“No problem can be solved from the same level of consciousness that created it.”
~ Albert Einstein

To continue exploring asking the right questions in the movement towards psychological wholeness, question number eight asks:

What are your beliefs about personal growth, and how do they impact your journey towards wholeness?

The difference between perception and perspective is profound. Can you imagine coming into this life as an infant, preprogrammed with a plethora of self-negating and limiting beliefs about yourself and your life? Most would agree that infants are innocent and precious without an internal self-defeating script.

Why, then, do so many people stay attached to their perceptions, i.e., beliefs around their limitations instead of their potential?   

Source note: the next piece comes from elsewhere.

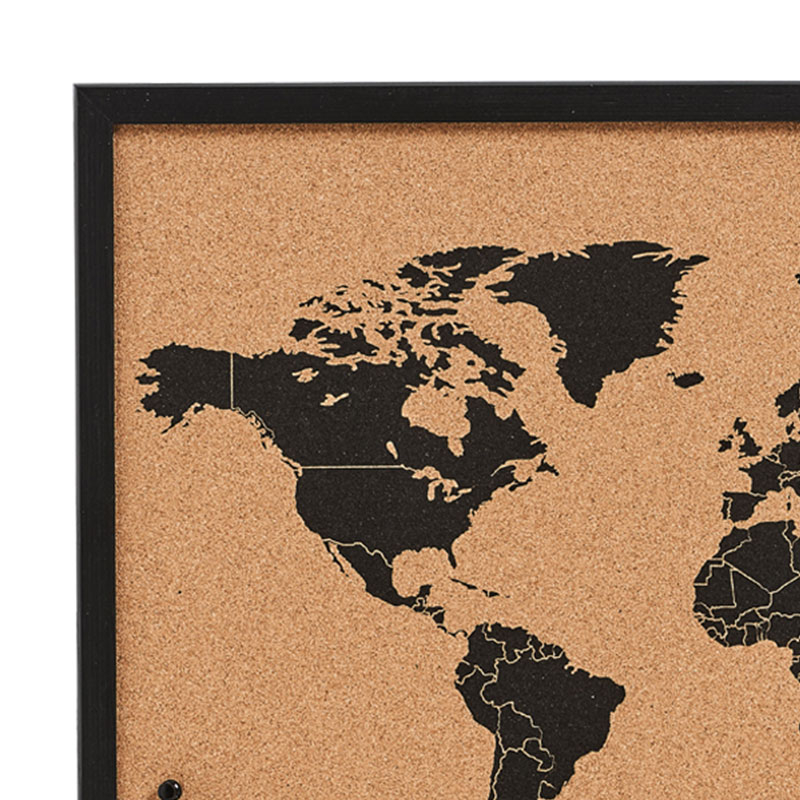 Πίνακας Ανακοινώσεων Φελλού (60X40) Z-L World 11571 Home Οργάνωση & Αποθήκευση Γραφείου Spitishop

We all have the freedom to expand our perspective and become curious about any limiting perceptions.  The very definition of becoming more psychologically whole is the opposite of remaining identified with a small and fragmented self. 

In his book Don’t Believe Everything You Think, Joseph Nguyen writes  “Thought is not reality; yet it is through thought that our realities are created.”  Where do all of those automatic thoughts come from? 

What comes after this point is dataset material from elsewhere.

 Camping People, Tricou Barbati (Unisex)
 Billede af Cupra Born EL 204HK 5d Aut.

Research has shown that humans have an average of 60,000 thoughts every single day. Of those, 75% or 45,000 are repetitive. How do we turn those around to be more positive new thoughts?

Every day our minds are flooded with a constant stream of thoughts, ranging from mundane daily tasks to deeper contemplations about life and the world around us. 

But what is truly concerning is that 75% of these thoughts are negating, and 95% are repetitive. Many of our negative thoughts are driven by the flight or fight part of our brain. This constant barrage of negative and repetitive thoughts can significantly impact our mental health, happiness, and overall quality of life.

So, if we can bring a broadened perspective to any preexisting thoughts and beliefs that are hindering our potential, per Einstein’s sage wisdom, we can become larger in consciousness than the diminutive and diminishing self-perceptions. 

Carl Jung taught a similar philosophy when he wrote All the greatest and most important problems of life are fundamentally insoluble. They must be so, for they express the necessary polarity inherent in every self-regulating system. They mostly can never be solved, but only outgrown”.

Perhaps we are forever growing up and becoming larger individuals as we learn to walk away from situations that are contradictory and conflicting to our psychological growth and development.